Brendan Eich (2016-01-02T22:28:04.000Z)
mathias at qiwi.be (2016-01-03T11:06:39.694Z)
Thanks, Claude. It may be tempting to assume the standard specified something dumb, or due to "legacy" mysteries. Not so. HTML5 fully specifies <script>, which I created in 1995 at Netscape. I had no time for the src= attribute, and even if I had (I implemented that in 1996 for Netscape 3), but basis case was code directly in the HTML page, as I noted on Twitter: https://twitter.com/BrendanEich/status/683344089308200960. kdex, think about how `<` is interpreted within an inline `<script>` -- it is not escaped via `<` nor can or should it be.

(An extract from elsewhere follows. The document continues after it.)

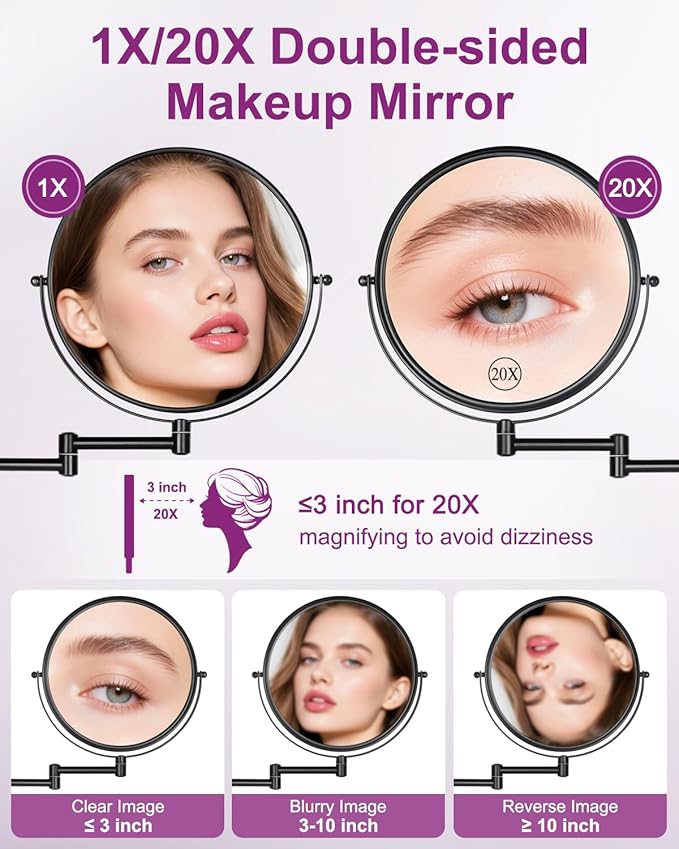 20X/1X Wall Mounted Makeup Mirror, 9 Inch Double Sided Magnifying Bathroom Mirror, Large Size 360° Swivel Extendable Vanity Mirror for Shaving, Black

Likewise, HTML comments don't work as such in script content. The script element's content model, which I borrowed from SGML in a hurry in late spring '95, is called CDATA. For ease of use, I chose not to require the `<![CDATA[` and `]]>` marked section delimiters from SGML (this was controversial back then! SGML and later XML people actually were angry with me over this design decision). Netscape's HTML parser of the time (Netscape 1 and 1.1, predating JS in Netscape 2; same as in Mosaic) already supported `<!--` and `-->` as HTML comment delimiters, without fully parsing SGML comments in all their glory (see http://www.flightlab.com/~joe/sgml/comments.html). Thus, to help early JS adopters hide inline script content from old (non-JS-supporting) browsers, my "two-way comment-hiding hack" was born in Netscape 2. I did require something like this: ``` //--> ``` as the last line of the script content, not wanting to make `-->` yet another comment-till-end-of-line special case. However, IE implemented support for just `-->` (no `//` in front to hide the otherwise-invalid JS syntax) at some point while cloning JS prior to ECMA-262 Edition 1. The Ecma TC39 group only got around to specifying all of this in ES6 Annex B. Often enough, things are the way they are for good reasons. See "Chesterton's Fence".